[Records drawn from a dataset]
* * * * * * *
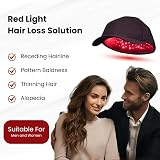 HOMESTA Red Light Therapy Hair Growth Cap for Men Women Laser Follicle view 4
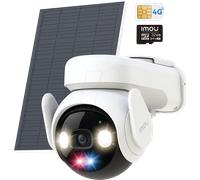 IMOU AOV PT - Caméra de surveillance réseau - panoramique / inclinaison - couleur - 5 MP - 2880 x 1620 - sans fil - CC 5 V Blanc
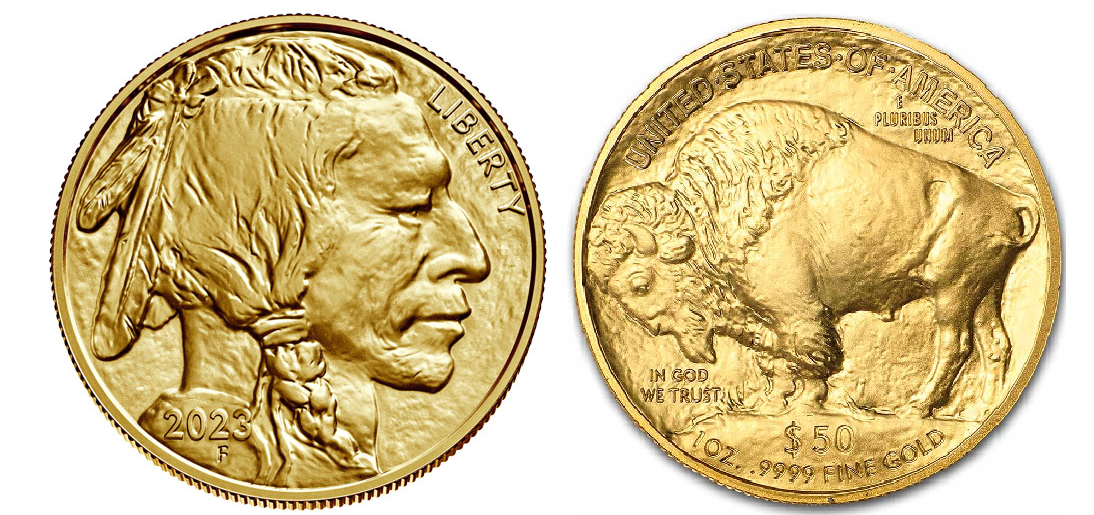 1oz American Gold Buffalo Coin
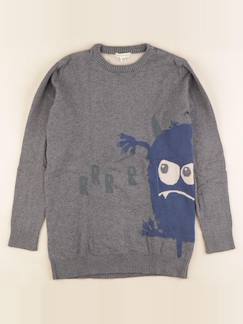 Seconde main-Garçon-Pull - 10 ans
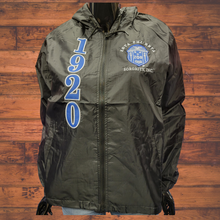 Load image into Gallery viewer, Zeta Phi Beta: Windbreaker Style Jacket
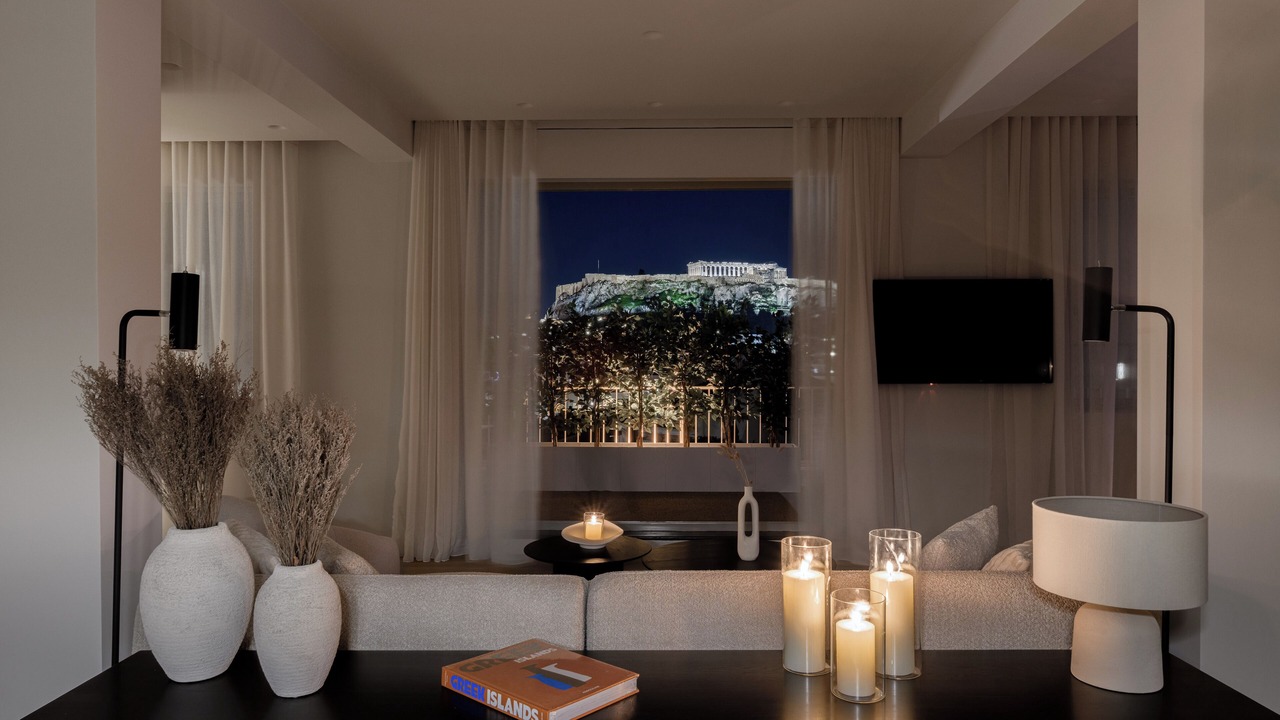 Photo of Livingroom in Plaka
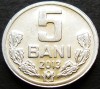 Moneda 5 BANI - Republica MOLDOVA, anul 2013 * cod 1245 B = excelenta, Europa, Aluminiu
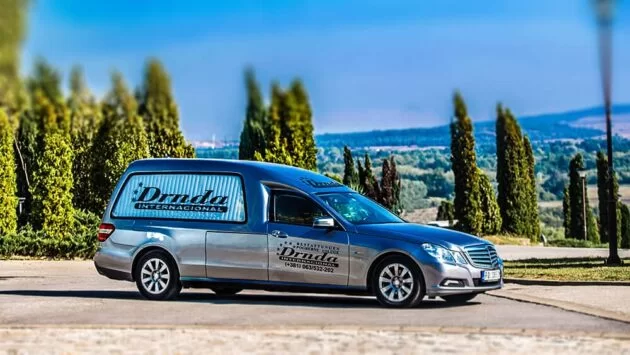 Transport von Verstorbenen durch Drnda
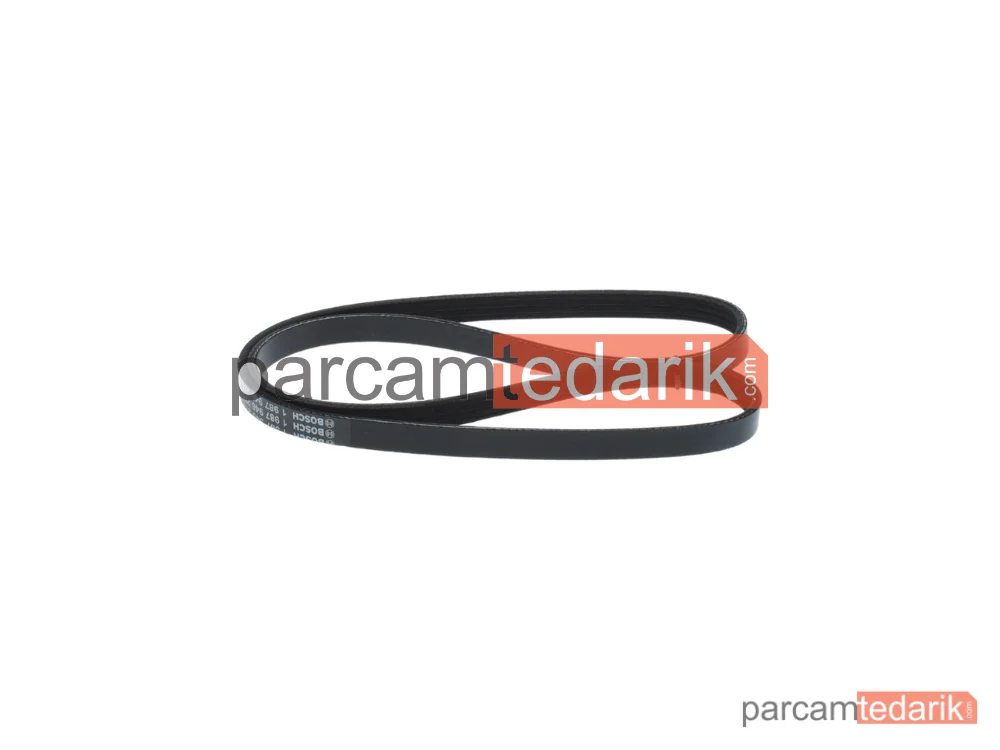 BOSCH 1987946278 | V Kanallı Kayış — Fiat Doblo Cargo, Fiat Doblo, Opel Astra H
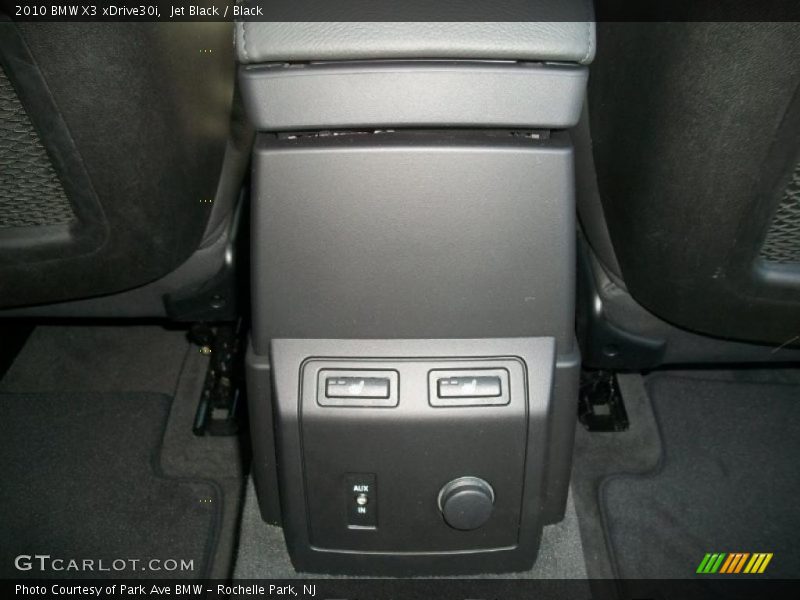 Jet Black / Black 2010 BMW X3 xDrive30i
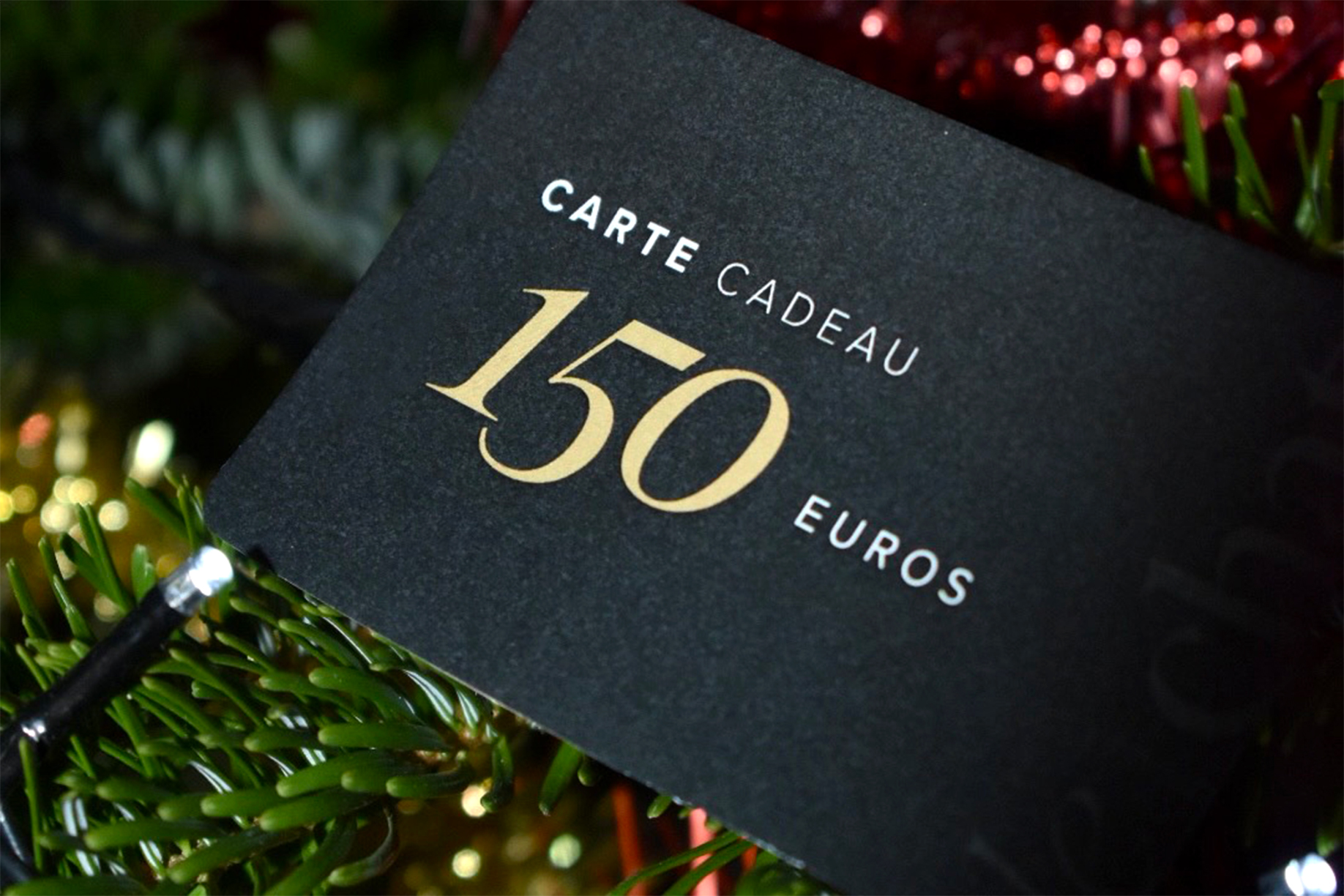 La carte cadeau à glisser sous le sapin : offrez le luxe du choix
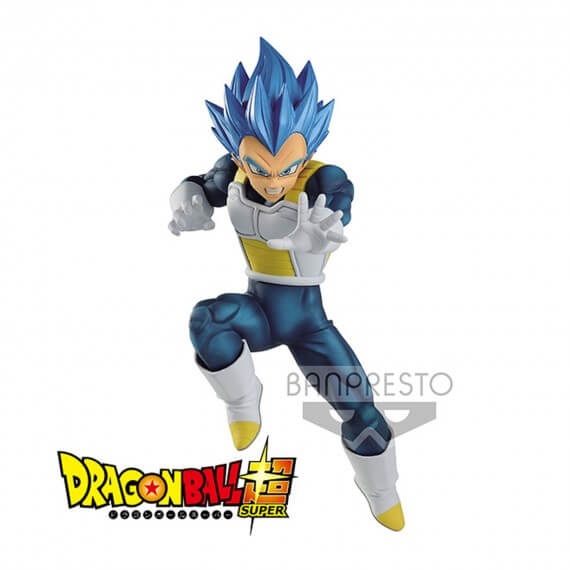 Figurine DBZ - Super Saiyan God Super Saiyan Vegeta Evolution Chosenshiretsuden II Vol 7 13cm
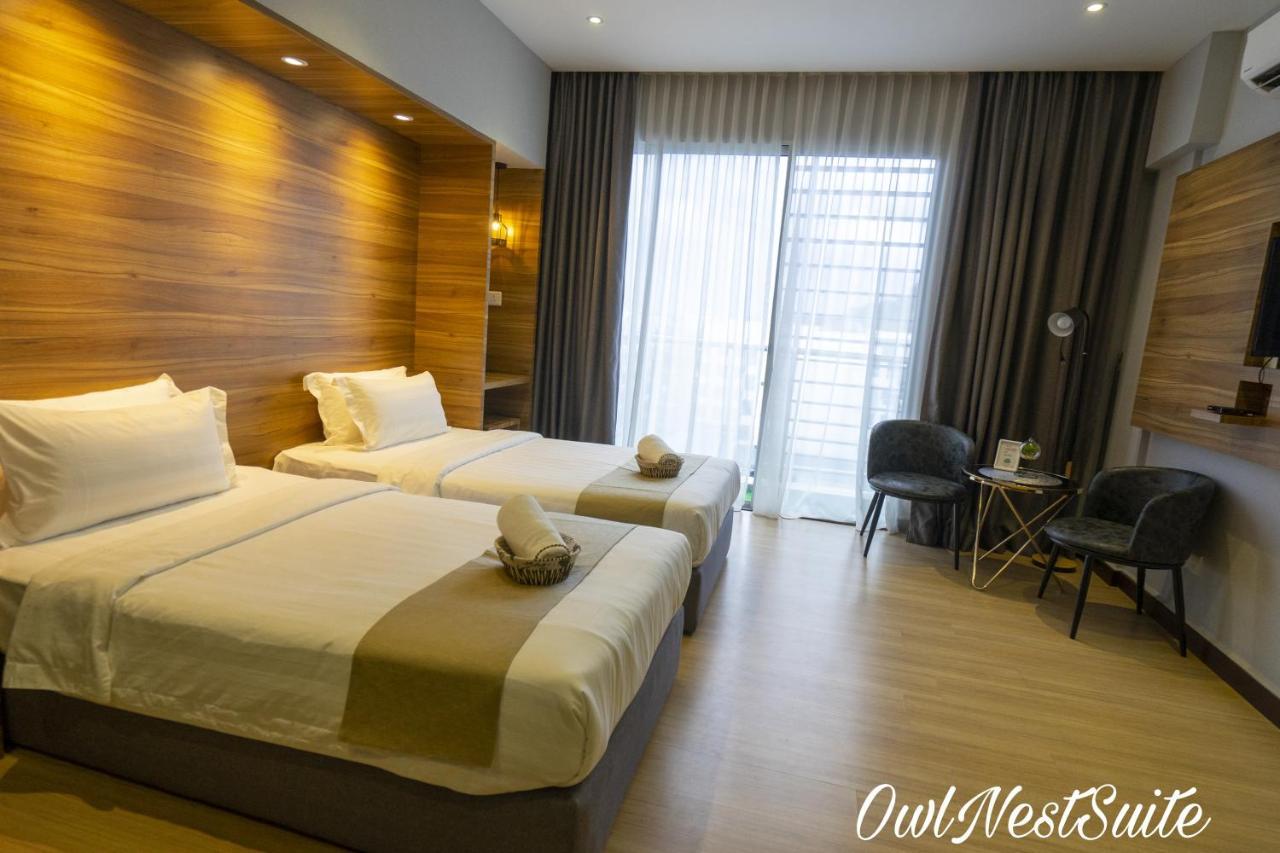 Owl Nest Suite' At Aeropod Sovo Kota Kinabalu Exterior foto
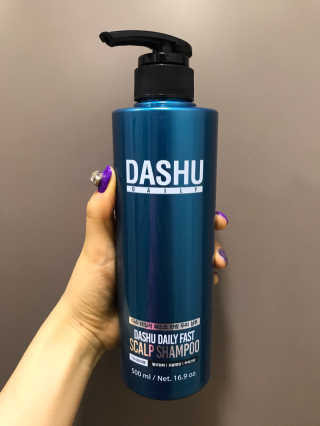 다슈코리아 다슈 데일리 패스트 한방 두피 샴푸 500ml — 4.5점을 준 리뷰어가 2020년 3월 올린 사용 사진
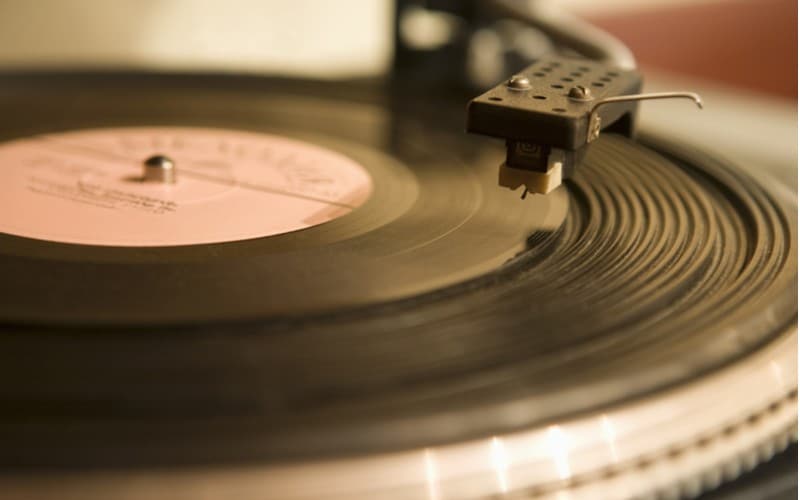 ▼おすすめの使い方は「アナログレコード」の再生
* * * * * * *
**Task goal:** Transcribe exactly the lines from the one with "Transport von Verstorbenen durch Drnda" to the last line of the records, both included, so that no picture appears in the copy.

**Task result:**
 Transport von Verstorbenen durch Drnda
 BOSCH 1987946278 | V Kanallı Kayış — Fiat Doblo Cargo, Fiat Doblo, Opel Astra H
 Jet Black / Black 2010 BMW X3 xDrive30i
 La carte cadeau à glisser sous le sapin : offrez le luxe du choix
 Figurine DBZ - Super Saiyan God Super Saiyan Vegeta Evolution Chosenshiretsuden II Vol 7 13cm
 Owl Nest Suite' At Aeropod Sovo Kota Kinabalu Exterior foto
 다슈코리아 다슈 데일리 패스트 한방 두피 샴푸 500ml — 4.5점을 준 리뷰어가 2020년 3월 올린 사용 사진
 ▼おすすめの使い方は「アナログレコード」の再生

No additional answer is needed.